Use mini muffin tins, essentially a corn mini muffin with a piece of hot dog in the middle.
Adapted from a YouTube recipe from the Food Network.
Your quantities may vary .
- 4 hot dogs, sliced to bite size pieces
- __________________________________
- 4 tablespoons melted butter
- 1/4 cup sugar
- 1/2 cup buttermilk or 1/2 cup milk soured with a bit of vinegar.
- 1 egg
- _____________________________________
- 1/2 cup corn meal (I used dry masa)
- 1/2 cup all purpose flour
- 1/4 teaspoon baking soda
- 2 tablespoons sugar
- 1/2 teaspoon salt
- ______________________________-
Combine wet ingredient list and in another bowl dry ingredients list, mix both together till incorporated like a muffin mix.. (you could of course use a prepared box mix.)
Fill half way the muffin tins with the batter, greased or use those fancy pleated paper liners if so desired.
Push in the pieces of sliced hot dogs into the batter.
Bake 375 for about 10 minutes.
I ended up with more hot dog pieces than batter so the last few muffins have 2 pieces in each muffin.

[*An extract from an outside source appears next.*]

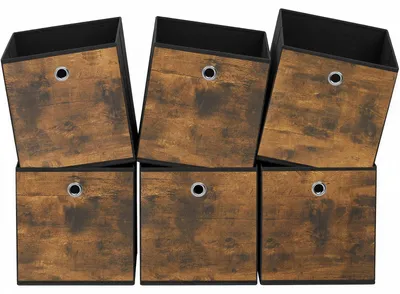 Obrázok produktu pre 6 úložných boxov, organizérov, | hnedá/čierna | 33,1 x 33,1 x 33,1 cm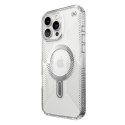 Speck Presidio Perfect-Clear Grip ClickLock & MagSafe - Case for iPhone 16 Pro Max (Clear / Chrome Finish / Serene Silver)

Our mini muffins tins may be larger than normal. If you place your sliced hotdog piece, the diameter horizontally, perfectly in the middle of the muffin batter, then slice it horizontally after baking, you have a round cornbread donut shape, with a hot dog in the middle to place on a tray. (didn’t get a picture of that).
The hot dog bites are good as is, but to enhance the serving, provide some dipping sauces , mustard and ketchup are a favorite.